Problem description → All lines below must be repeated exactly, with the pictures omitted.
** Dataset excerpt follows **
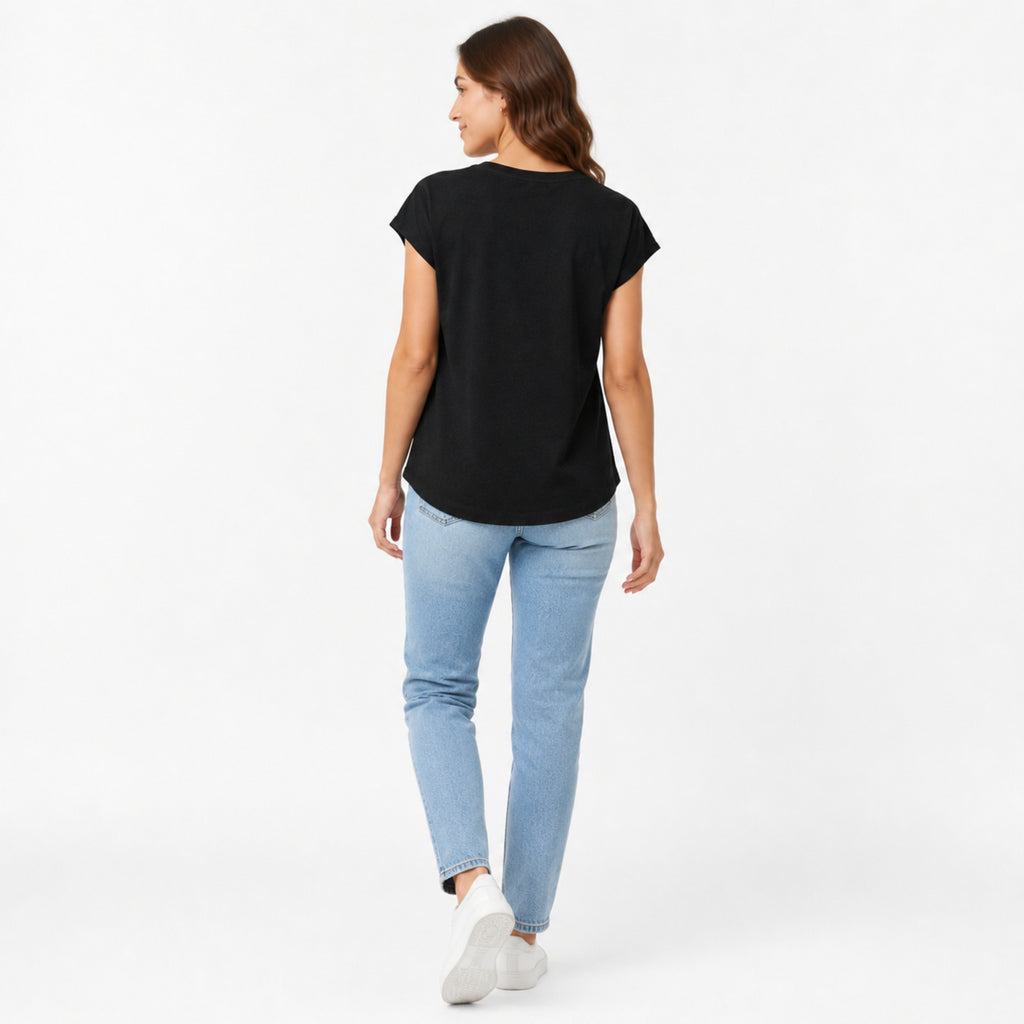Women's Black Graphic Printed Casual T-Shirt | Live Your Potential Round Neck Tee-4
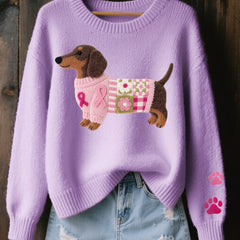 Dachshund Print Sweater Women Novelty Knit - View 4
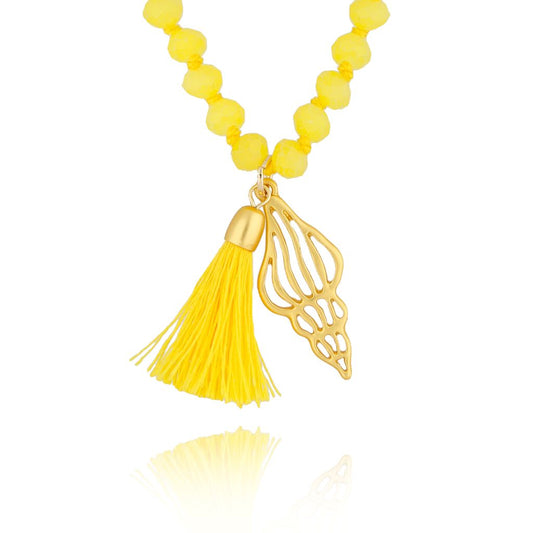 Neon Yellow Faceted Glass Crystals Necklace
** End of Dataset excerpt **
Expected answer →
Women's Black Graphic Printed Casual T-Shirt | Live Your Potential Round Neck Tee-4
 Dachshund Print Sweater Women Novelty Knit - View 4
 Neon Yellow Faceted Glass Crystals Necklace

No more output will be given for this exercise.